Space for emergency treatment is tripled
A new emergency department designed to handle anything from broken fingers to multiple casualties from industrial accidents will go on line at St. Charles Parish Hospital next month. But on Friday, parish and hospital officials celebrated the completion of the building at the main hospital in Luling, which must be certified by the state Department of Health and Hospitals before it can open.
At 12,000 square feet, the new emergency department is three times the size of the current department and is designed to move patients quickly through the system.

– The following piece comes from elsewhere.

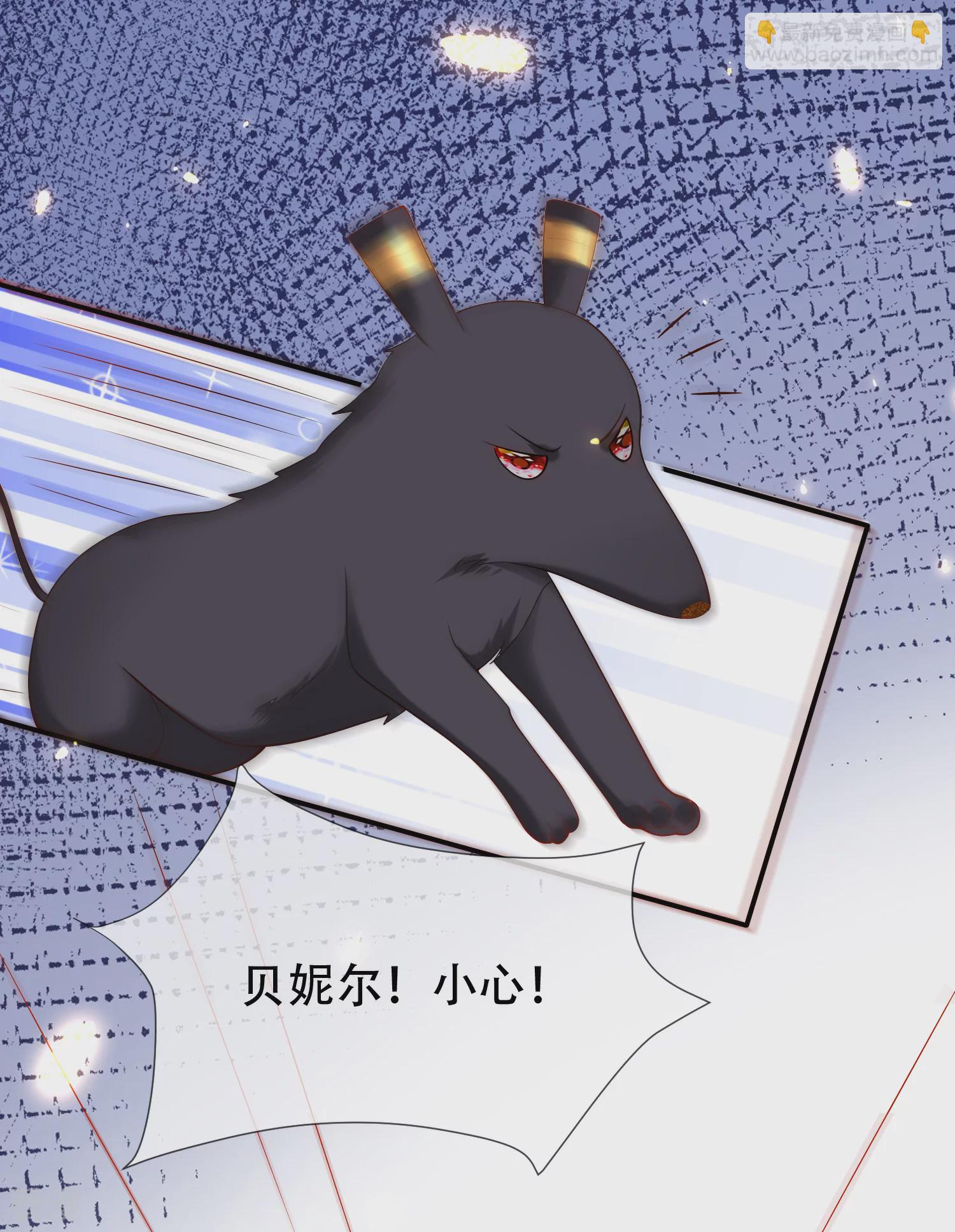 第43话 永远最好的佩奇-第65话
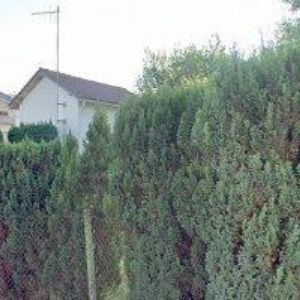 obrazek: avatar ZŠ Turnov-Mašov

The improvements cost $4 million, including equipment, and are being paid for with property taxes dedicated to the 53-year-old publicly owned hospital.
"We identified a need, we made a plan, and we saw it through to fruition," Parish President V.J. St. Pierre Jr. said.
Federico Martinez, CEO of the hospital, said a series of completed and planned improvements to the parish's health-care system are designed to bring more parish residents into the system, which draws about 70 percent of its in-parish patients from the west bank.
"Most of the people on the east bank are getting their health care somewhere else, and we want to change that," he said.
To that end, the hospital helped found the St. Charles Parish Community Health Center, which has completed the construction of a clinic in Norco, which offers primary-care services in the area as well as industrial medicine designed to serve the oil refineries and chemical plants. The clinic has scheduled its grand opening for later this month.
Voters recently approved a plan to open a primary-care and after-hours clinic in Destrehan, expected to be located near the Hale Boggs Bridge,
On the west bank, a group has opened a privately owned urgent-care clinic in Luling, but Martinez said he doesn't feel threatened by the competition, saying the hospital is discussing the possibility of having the owners of the facility operate the new urgent-care center.
"We know the owners very well," he said.
The bond issue approved by parish voters in April allows the hospital to expand its services to perform emergency cardiac care to patients such as placing stents.
In 2008, parish voters approved the hospital's plan to use the tax to build a new patient-care wing.
The hospital remains affiliated with the Ochsner Health System network, although Ochsner dropped immediate plans to buy the hospital outright.
However, the hospital maintains an affiliation with the parish hospital, where it has two physicians on staff, allows the hospital to use its purchasing network to buy supplies, and has its specialists direct the treatment of stroke patients via a video link from Ochsner's main campus, Martinez said.